The researchers also identified a previously undiscovered effect of Wolbachia. Infection with the bacterium reduced the development of sporozoites across all temperatures. This suggests that Wolbachia and malaria parasites may compete for similar hosts.

“Typically, the more oocysts a mosquito has on its midgut, the more sporozoites it produces,” Dr Murdock said. “So, depending on the environmental temperature, Wolbachia either reduced, enhanced, or had no effect on the number of oocysts.”

“At 75 degrees Fahrenheit, Wolbachia-infected mosquitos had 3 times the numbers of oocysts relative to uninfected mosquitoes. Thus, we would predict these mosquitoes to produce more sporozoites. But instead, we see that this is not the case, and that is because Wolbachia infection significantly reduces the number of sporozoites produced per oocyst, regardless of the environmental temperature.”

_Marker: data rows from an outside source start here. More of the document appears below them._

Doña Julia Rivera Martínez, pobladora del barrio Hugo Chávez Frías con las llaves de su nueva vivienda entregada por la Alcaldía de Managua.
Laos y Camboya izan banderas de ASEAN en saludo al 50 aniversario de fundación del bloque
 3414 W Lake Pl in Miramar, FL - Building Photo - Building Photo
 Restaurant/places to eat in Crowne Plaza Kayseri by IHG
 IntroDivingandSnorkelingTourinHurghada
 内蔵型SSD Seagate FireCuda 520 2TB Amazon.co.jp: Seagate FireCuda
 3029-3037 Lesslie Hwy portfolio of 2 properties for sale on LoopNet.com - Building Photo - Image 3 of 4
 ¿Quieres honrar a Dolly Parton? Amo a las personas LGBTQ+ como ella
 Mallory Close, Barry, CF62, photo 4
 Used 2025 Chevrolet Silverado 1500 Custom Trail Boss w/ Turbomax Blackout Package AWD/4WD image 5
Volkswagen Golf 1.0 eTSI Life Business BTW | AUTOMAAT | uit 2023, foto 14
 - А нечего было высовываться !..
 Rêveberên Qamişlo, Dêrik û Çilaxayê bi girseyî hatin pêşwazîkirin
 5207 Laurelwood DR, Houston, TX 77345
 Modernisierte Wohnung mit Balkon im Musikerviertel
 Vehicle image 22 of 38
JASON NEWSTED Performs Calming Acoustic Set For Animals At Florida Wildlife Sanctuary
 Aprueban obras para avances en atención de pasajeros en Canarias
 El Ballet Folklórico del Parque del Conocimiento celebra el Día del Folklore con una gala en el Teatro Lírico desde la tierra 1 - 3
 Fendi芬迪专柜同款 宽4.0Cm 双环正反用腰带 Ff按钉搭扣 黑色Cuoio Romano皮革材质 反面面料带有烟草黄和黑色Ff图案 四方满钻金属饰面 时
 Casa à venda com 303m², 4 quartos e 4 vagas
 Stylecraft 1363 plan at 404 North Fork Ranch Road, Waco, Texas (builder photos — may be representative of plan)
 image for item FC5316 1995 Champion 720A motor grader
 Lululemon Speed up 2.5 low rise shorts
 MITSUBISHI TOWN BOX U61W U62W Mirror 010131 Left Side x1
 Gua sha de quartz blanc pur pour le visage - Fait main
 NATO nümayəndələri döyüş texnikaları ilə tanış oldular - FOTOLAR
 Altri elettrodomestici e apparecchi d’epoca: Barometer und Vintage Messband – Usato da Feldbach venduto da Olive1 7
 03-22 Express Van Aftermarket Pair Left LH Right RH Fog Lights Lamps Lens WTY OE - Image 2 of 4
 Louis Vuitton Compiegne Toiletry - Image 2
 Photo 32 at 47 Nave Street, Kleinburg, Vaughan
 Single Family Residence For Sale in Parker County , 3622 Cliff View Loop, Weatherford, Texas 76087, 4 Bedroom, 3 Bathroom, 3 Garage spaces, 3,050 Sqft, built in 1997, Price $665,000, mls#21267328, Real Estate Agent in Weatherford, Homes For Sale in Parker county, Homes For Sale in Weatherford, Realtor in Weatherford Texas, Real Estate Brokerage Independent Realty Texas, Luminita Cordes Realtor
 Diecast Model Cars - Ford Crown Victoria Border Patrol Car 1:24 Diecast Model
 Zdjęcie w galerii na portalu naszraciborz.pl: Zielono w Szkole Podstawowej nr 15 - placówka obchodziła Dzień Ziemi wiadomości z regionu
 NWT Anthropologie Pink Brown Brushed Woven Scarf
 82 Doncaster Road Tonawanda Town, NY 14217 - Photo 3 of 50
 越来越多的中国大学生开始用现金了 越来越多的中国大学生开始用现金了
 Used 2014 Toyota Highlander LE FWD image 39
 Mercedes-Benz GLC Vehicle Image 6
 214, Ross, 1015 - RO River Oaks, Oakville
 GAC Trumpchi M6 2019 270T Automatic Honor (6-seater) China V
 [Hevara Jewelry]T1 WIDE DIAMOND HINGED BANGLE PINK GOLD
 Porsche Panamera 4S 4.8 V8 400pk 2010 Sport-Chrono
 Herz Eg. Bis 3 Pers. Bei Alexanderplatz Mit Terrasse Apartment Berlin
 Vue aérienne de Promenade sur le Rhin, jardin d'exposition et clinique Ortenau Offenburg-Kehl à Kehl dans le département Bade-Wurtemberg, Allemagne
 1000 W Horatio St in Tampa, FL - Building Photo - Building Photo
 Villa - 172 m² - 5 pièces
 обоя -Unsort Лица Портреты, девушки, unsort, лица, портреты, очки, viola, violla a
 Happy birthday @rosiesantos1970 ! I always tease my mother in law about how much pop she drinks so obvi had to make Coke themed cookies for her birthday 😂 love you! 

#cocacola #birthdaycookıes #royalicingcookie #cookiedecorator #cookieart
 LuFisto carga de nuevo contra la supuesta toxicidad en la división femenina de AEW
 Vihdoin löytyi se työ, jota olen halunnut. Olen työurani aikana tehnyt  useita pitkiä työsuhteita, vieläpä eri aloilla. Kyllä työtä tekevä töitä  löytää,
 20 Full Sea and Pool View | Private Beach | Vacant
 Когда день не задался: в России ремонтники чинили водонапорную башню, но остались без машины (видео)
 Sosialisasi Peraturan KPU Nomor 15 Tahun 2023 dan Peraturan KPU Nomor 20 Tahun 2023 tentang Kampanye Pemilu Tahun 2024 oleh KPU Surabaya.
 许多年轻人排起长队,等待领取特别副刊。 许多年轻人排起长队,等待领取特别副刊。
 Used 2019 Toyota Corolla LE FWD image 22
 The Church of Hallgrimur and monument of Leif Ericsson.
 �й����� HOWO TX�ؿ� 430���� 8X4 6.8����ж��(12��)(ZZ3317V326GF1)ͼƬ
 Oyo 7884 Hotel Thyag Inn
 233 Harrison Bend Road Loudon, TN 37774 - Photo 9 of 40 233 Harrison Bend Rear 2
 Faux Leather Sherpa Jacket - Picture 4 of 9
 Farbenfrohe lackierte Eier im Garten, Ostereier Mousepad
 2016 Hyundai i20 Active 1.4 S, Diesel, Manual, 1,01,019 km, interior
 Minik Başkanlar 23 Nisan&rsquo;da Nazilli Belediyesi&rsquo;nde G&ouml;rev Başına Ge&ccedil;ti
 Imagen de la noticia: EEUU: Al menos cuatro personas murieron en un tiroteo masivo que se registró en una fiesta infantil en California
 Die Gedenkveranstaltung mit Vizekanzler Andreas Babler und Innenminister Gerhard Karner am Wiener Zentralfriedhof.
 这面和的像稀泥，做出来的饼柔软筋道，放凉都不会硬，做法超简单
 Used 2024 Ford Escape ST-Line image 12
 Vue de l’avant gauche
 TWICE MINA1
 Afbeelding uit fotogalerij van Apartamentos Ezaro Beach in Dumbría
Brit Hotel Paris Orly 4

“This effect counteracts the enhancement we see at 75 degrees Fahrenheit. How the influence of Wolbachia on parasite establishment and the production of sporozoites under different temperatures plays out to ultimately affect transmission remains to be determined.”

Dr Murdock and her colleagues plan to duplicate their experiment using a species of malaria parasite that affects humans to determine whether or not the temperature effects they observed occur in humans as well.

The team also intends to explore the effects of additional environmental variation—such as daily temperature fluctuation and differential access to food resources in the mosquito larval and adult environments—on the transmission-blocking ability of Wolbachia.